Q.  What keeps you grinding?  What keeps you thinking that you can win out there?
CHRIS DiMARCO:  Money (laughs).

Q.  Besides that.
CHRIS DiMARCO:  You know, I mean I think the desire to compete.  I mean I think that that never goes away.  I think that, you know, is there other things in my life that are more important than golf right now?  Absolutely.  I have three kids that are growing up.  They're doing a lot of things.  But as far as the competitive side of golf at this level I don't think too many people can say that they've competed on this level.  And that's why we do it.  We do it for the competition.  We do it to know and be able to say that we're still one of the best.  And that's what it's about.

Q.  What makes you believe that you can still win?
CHRIS DiMARCO:  I just think that once you've done it, you always know it's in there.  So you never give up on that, that's for sure.  You always keep grinding and keep trying and hopefully the putts will go one week.  And I'm starting to do a lot of good things, and I'm excited.

Q.  When you play for a long time like you have, how do you work on getting better and what are the things you work onto improve on?  Is there anything?
CHRIS DiMARCO:  I don't think it's really getting better.  I think it's just staying consistent.  I think every one of us would love to have mirrored Bruce Lietzke's type of deal where he'd only played 15, 18 tournaments a year, finish top 40 on the Money List and go take three months off.  I mean I think that's what everybody would love to do.  Unfortunately he was pretty gifted at being able to do that.  Not all of us can do that.
Certainly playing a lot of tournaments and being away from my family is certainly not what I want to do, but when I'm out here, I'm giving it all I got, and certainly if I'm here I'm going to give it my best effort.

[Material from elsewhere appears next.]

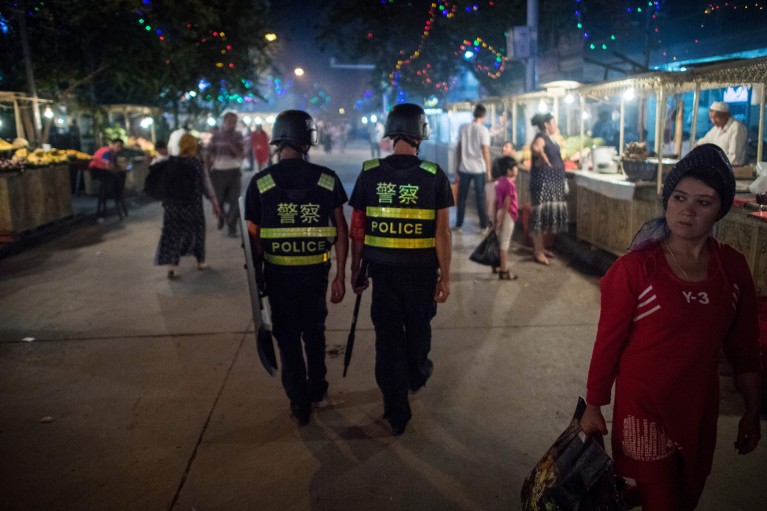 Police patrolling in a night food market near the Id Kah Mosque in Kashgar in China's Xinjiang Uighur Autonomous Region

Q.  Guys coming off the U. S. Open, they're kind of all over the place scoring a lot.  What's kind of the mind burnout?
CHRIS DiMARCO:  I think it's frustration.  It's patience.  After last week, your focus had to be so strong and you had to be so patient that this week you're thinking this golf course has gotta be so easy compared to last week and if you don't get off to a good start, you kind of press.  Unfortunately it's still golf.  You still gotta get the ball in the hole.  The holes weren't any smaller last week.  It was the same size.  It just was a matter of getting it in there.  You're seeing guys, I know for me at Memphis I was out of it.  Physically I was fine, but mentally it was nine weeks in a row, I was done.  So it was great for me to go home last week and kind of recharge the batteries and want to come back out.